Work order: Repeat nothing but the lines below running from the one containing "#ad NEW Angel" to the one containing "Residential Complex —". Keep both end lines.

Data records:
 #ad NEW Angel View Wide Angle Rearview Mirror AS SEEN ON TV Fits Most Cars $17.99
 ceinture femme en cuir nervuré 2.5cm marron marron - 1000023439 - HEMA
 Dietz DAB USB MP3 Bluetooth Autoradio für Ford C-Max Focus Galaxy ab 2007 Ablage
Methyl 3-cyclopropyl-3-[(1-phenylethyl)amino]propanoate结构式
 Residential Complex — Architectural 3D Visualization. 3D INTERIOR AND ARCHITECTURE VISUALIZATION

---

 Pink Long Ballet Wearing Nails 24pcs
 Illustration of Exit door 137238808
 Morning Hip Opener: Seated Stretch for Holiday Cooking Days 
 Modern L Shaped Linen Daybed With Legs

Response to this exercise:
 #ad NEW Angel View Wide Angle Rearview Mirror AS SEEN ON TV Fits Most Cars $17.99
 ceinture femme en cuir nervuré 2.5cm marron marron - 1000023439 - HEMA
 Dietz DAB USB MP3 Bluetooth Autoradio für Ford C-Max Focus Galaxy ab 2007 Ablage
Methyl 3-cyclopropyl-3-[(1-phenylethyl)amino]propanoate结构式
 Residential Complex — Architectural 3D Visualization. 3D INTERIOR AND ARCHITECTURE VISUALIZATION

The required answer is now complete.